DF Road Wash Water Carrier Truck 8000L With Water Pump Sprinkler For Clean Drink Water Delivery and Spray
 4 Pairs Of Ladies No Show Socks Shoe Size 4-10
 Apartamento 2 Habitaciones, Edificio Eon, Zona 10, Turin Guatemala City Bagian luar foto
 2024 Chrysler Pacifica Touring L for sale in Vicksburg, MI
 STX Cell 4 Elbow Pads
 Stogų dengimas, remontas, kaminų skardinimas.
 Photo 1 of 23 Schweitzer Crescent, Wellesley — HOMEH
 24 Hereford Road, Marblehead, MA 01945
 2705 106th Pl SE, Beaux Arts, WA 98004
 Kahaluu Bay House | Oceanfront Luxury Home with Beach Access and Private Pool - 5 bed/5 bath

- TASK DESCRIPTION: Please report all lines in the entries where "Road" appears.

- RESPONSE TO THE TASK:
DF Road Wash Water Carrier Truck 8000L With Water Pump Sprinkler For Clean Drink Water Delivery and Spray
 24 Hereford Road, Marblehead, MA 01945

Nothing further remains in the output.